I would love to see a Clever in the finance space...requisitions, invoices,
purchase orders and the like.

I do foresee a problem with Clever. Their API is almost too simple. It would
be trivial for a school ERP provider to set up a 'Clever compatible' API
(since an API cannot be copyrighted) and either undercut the price or just
offer it for free to education software vendors to get that nice demo room 'We
are compatible with over x many applications for students, teachers, parents
and administrators!'

I hope that doesn't happen but the threat does seem to be there.

------
sethbannon
This is a perfect example of an "unsexy problem" that needed to be solved.
With so many people building education apps, it's great that someone decided
to take the time to work out some of the unsexy underlying issues in the space
that were slowing the pace of innovation. Standardizing and surfacing
educational data may not be the sexiest work, but it can spur the pace of
innovation across the entire domain.

------
camworld
This is great, if....the school software vendors adopt it as a standard and
allow their systems to be Clever-enabled.

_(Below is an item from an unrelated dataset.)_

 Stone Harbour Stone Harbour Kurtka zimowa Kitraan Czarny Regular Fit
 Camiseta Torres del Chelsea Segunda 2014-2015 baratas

I work for a large school district and a large majority of our vendor
solutions come with their own proprietary, locked-down technologies. When
queried, some of these vendors see the writing on the wall and say they are
working on integrating with Clever while others keep their heads stuck in the
sand while counting their millions of taxpayer dollars spent on overly-
complex, un-flexible and un-interoperable solutions.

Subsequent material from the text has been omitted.